HotLink CTO Oded Haner has identified three major trend lines for virtualization going forward. In the near future, he expects enterprises to ramp up adoption of multiple hypervisors as they seek to optimize virtual environments for particular applications, say, Hyper-V for Exchange and XenServer for desktops. At the same time, virtualization management will gain prowess, partly in response to the growing variety of hypervisors in play. And of course, broad interoperability between platforms, both virtual and cloud, will be in high demand as users seek both flexibility and scalability.

Virtualization will also continue to spur changes in physical infrastructure, according to TechTarget's Mark Vaughn. For instance, the burden that virtual resources place on storage networking could lead many organizations to re-discover local storage for their server farms. DataCore and Fusion-io are already heavily involved in developing shared local storage technology, and the advent of enterprise-class solid-state storage and high-speed interconnects make it appealing on both cost and functionality bases. Even EMC is warming up to the idea with developments like the Project Lightning PCIe card.

And contrary to predictions that virtualization would hamper hardware investment, it seems that the opposite is true. As Baseline showed in a recent survey, virtualization actually helps drive hardware sales because many organizations see the need to optimize underlying infrastructure to suit newly virtualized environments. A case in point is Columbus State University, which saw a need to deploy new HP ProLiant machines within existing BladeSystem enclosures, along with a new StorageWorks SAN, after it had virtualized much of its original infrastructure.

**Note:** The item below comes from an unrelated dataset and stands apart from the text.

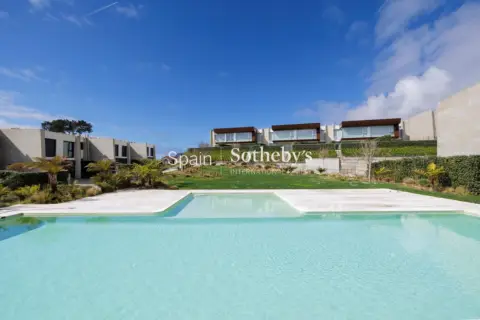 Casa adosada en Lugar Áreas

Indeed, once the initial virtual layer has been established, most enterprises need to build up their management and automation capabilities to keep things under control, according to uptime software. In the coming year, the company expects many organizations to shift toward a unified management environment that can coordinate not only deployment, provisioning and automation of virtual resources, but service levels and other operational parameters as well.

Virtualization may have become standard operating procedure at most enterprises, but that doesn't mean the technology has stagnated. As the coming year unfolds, CIOs will find that developing the cloud and other advanced infrastructures will usually start with upgrades to the virtual layer.